Court Opinion

ID: 5985784
Source: CourtListenerOpinion
Date Created: 2022-01-13 08:37:14.855267+00
Date Added: 2024-06-11T08:49:38.539943
License: Public Domain

—Order, Supreme Court, New York County (Stuart Cohen, J.), entered November 15, 1993, which denied defendant’s motion for summary judgment dismissing the complaint, unanimously affirmed, without costs.
In this action brought to recover for personal injuries sustained by the infant plaintiff when she collided with the sharp metal corner of an unhinged door, the mother of the infant plaintiff testified at both the statutory hearing and at her examination before trial that she had notified defendant of the broken doors in her apartment and that the unhinged doors endangered her children. She also testified that defendant did nothing for at least two months prior to the infant plaintiff’s accident, merely directing her to keep the broken doors in the hallway between the bedrooms.

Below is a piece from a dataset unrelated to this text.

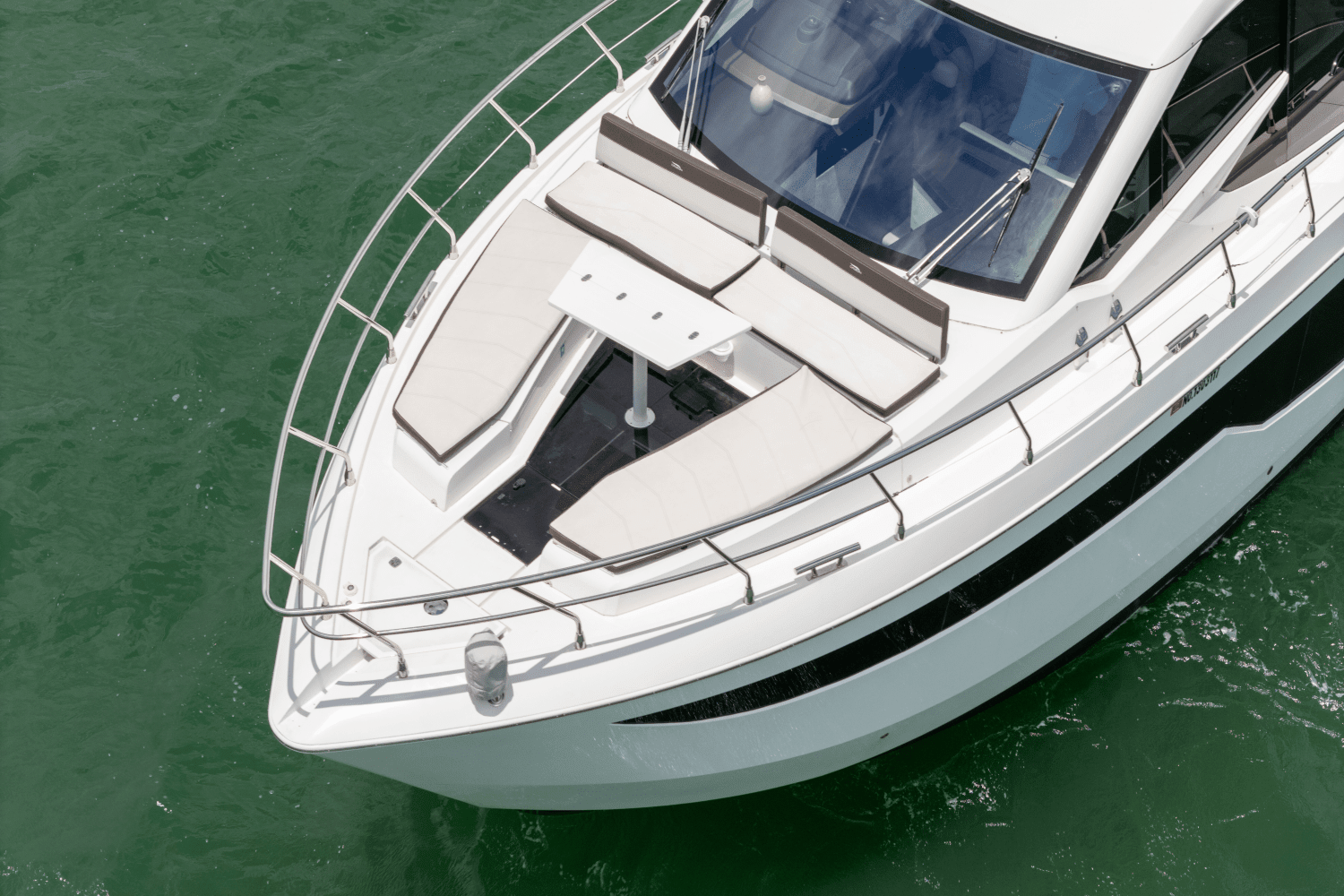 2020 Galeon 500 Fly Image Thumbnail #8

Thereafter, the two-year-old plaintiff fell, cutting the area near her eye on the edge of one of the doors propped horizontally against a hallway wall.
The motion court correctly concluded that there was a triable issue of fact with regard to whether the mother’s placement of the doors in the hallway was an intervening cause, distinguishing Green v New York City Hous. Auth. (82 AD2d 780, affd 55 NY2d 966) in which there was no contention that the defendant had advised anyone where to place the doors until repairs were eventually made. Moreover, we note that in Green the door fell on the child, whereas here the infant plaintiff fell upon the door. Thus, assuming the opposing party’s version of the facts to be true, as we must on a motion for summary judgment, the mother’s act, unlike that *380in Green, did not merely " 'operate upon’ ”, but flowed from defendant’s negligence (Shutak v Handler, 190 AD2d 345, 347, quoting Derdiarian v Felix Contr. Corp., 51 NY2d 308, 315). Concur—Murphy, P. J., Sullivan, Rosenberger and Ross, JJ.